In conjunction with the ongoing process of converting all of its builder
subsidiaries to an integrated computer information system ("ICIS"), Fortress
began the project of addressing the Y2K issue during 1998. The Company's project
is directed at modifying or replacing portions of its existing computer systems
to ensure that they will function properly with respect to dates in the year
2000 and thereafter. The Company's plan encompasses both information technology
systems and non-information technology systems, such as chips embedded in its
security systems, office equipment, and facilities.
The general phases of the Company's plan include the following: (1) plan and
ensure company-wide awareness of the Y2K issue, (2) inventory all possible Y2K
risks, (3) assess inventory (including identification of non-Y2K compliant
items, prioritize inventory into mission-critical and non-mission-critical
categories, and plan for repair and replacement of non-compliant items), (4)
repair or replace non-Y2K compliant items, (5) plan and execute Y2K testing, and
(6) design and implement contingency plans for non-compliant items. Due to the
Company's structure and its ongoing computer information system rollout, the
Company is in different phases of implementation of its plan at its different
subsidiaries.
The Company has assessed the information systems of the subsidiaries as its
greatest area of business risk and, accordingly, has given this area highest
priority. As of June 30, 1999, the Company has completed the fifth phase and is
well underway with phase six at all subsidiaries for the core financial
applications. The Company is still in phase 3 for hardware, peripheral computer
equipment, and office equipment at all subsidiaries. The Company plans to have
completed all phases by the end of the third quarter of 1999.
The Company's information technology ("IT") group completed its testing of the
Y2K version of the ICIS and converted the three subsidiaries and the corporate
office, which are currently operating on the system. As of June 30, 1999, one
builder subsidiary was not Y2K compliant. The Company has begun the conversion
process at this subsidiary and plans for the conversion to be completed in the
third quarter of 1999. Due to the IT group's current focus on bringing the
Company into Y2K compliance, those subsidiaries who either received or purchased
Y2K compliant versions of their software will not implement the ICIS until 2000.
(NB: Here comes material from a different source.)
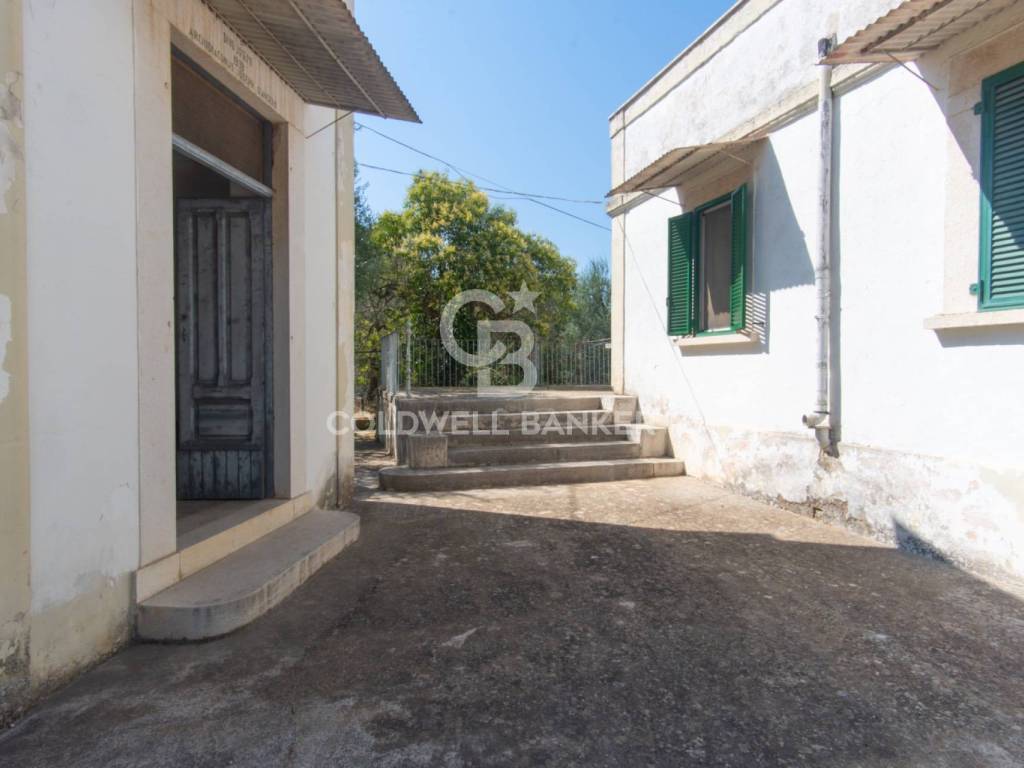 Villa a Andria in CONTRADA MACCHIE DI ROSE - Foto 5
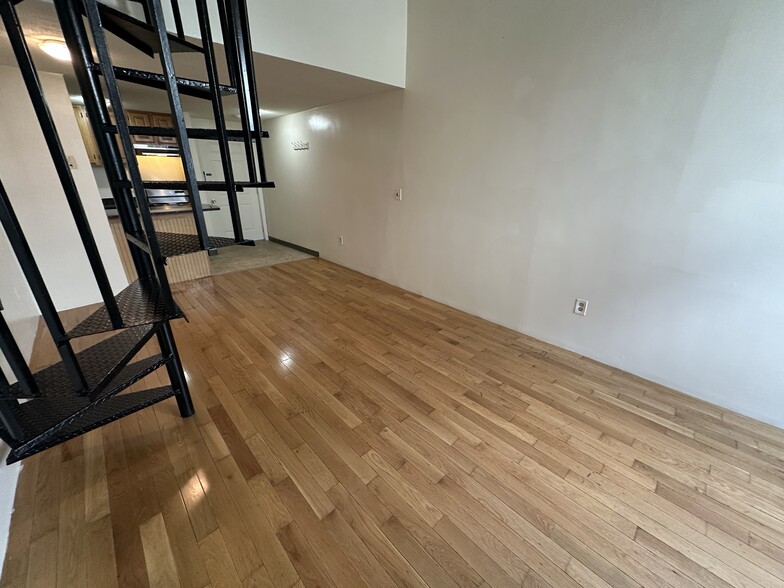 Building Photo - 377 Dorchester St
Management does not consider this delay in implementation to have a material
adverse impact on the Company.
Over the last eighteen months, the Company's IT group has normalized the network
server and desktop operating systems, hardware platforms and network peripheral
devices to equipment and software that are certified as Y2K ready. Each desktop
computer in use at all builder subsidiaries has been certified to be Y2K
compliant or has been identified for replacement currently expected by the end
of September 1999. Each server hardware component and operating system is
certified to be Y2K ready. Each component of the subsidiary builder local area
networks is compliant and the wide area network equipment and software is
likewise certified.
While the Company is giving greatest priority to its operating systems and those
of its subsidiaries, the Company is also addressing the Y2K issues associated
with the Company's telephone and voice mail systems, fax machines, copiers and
other office systems integrated into the office facilities, and other equipment
including embedded chips or processors. Eight of the Company's builder
subsidiaries have completed a comprehensive survey of all computer and embedded
systems and are fully Y2K compliant. The remaining builder subsidiaries are
scheduled to be assessed, repaired or replaced and tested by the end of
September 1999. The IT group has not yet identified any office system that will
not be Y2K compliant.
The Company is currently assessing whether third parties with which the Company
and its operating subsidiaries have a material relationship are Y2K compliant.
The Company currently expects that its assessments with respect to these third
party verification projects will be substantially completed as of September 30,
1999. As part of this assessment, the Company has examined its relationships
with suppliers, subcontractors, financial
17
<PAGE>
institutions and other third parties to determine the status of their Y2K
efforts as related to the Company. As a general matter, the Company is
vulnerable to significant suppliers' inability to remedy their own Y2K issues.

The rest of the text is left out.